Correlation Between Federated Bond and Financial Industries
Can any of the company-specific risk be diversified away by investing in both Federated Bond and Financial Industries at the same time? Although using a correlation coefficient on its own may not help to predict future stock returns, this module helps to understand the diversifiable risk of combining Federated Bond and Financial Industries into the same portfolio, which is an essential part of the fundamental portfolio management process.
By analyzing existing cross correlation between Federated Bond Fund and Financial Industries Fund, you can compare the effects of market volatilities on Federated Bond and Financial Industries and check how they will diversify away market risk if combined in the same portfolio for a given time horizon. You can also utilize pair trading strategies of matching a long position in Federated Bond with a short position of Financial Industries. Check out your portfolio center. Please also check ongoing floating volatility patterns of Federated Bond and Financial Industries.
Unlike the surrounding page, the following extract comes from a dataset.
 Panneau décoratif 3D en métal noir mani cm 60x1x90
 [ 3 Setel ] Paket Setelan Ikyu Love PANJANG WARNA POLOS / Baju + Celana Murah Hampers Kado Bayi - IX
Diversification Opportunities for Federated Bond and Financial Industries
0.35 | Correlation Coefficient |
Weak diversification
The 3 months correlation between Federated and Financial is 0.35. Overlapping area represents the amount of risk that can be diversified away by holding Federated Bond Fund and Financial Industries Fund in the same portfolio, assuming nothing else is changed. The correlation between historical prices or returns on Financial Industries and Federated Bond is a relative statistical measure of the degree to which these equity instruments tend to move together. The correlation coefficient measures the extent to which returns on Federated Bond Fund are associated (or correlated) with Financial Industries. Values of the correlation coefficient range from -1 to +1, where. The correlation of zero (0) is possible when the price movement of Financial Industries has no effect on the direction of Federated Bond i.e., Federated Bond and Financial Industries go up and down completely randomly.
Pair Corralation between Federated Bond and Financial Industries
Assuming the 90 days horizon Federated Bond Fund is expected to generate 0.11 times more return on investment than Financial Industries. However, Federated Bond Fund is 8.74 times less risky than Financial Industries. It trades about -0.53 of its potential returns per unit of risk. Financial Industries Fund is currently generating about -0.28 per unit of risk. If you would invest 841.00 in Federated Bond Fund on October 11, 2024 and sell it today you would lose (20.00) from holding Federated Bond Fund or give up 2.38% of portfolio value over 90 days.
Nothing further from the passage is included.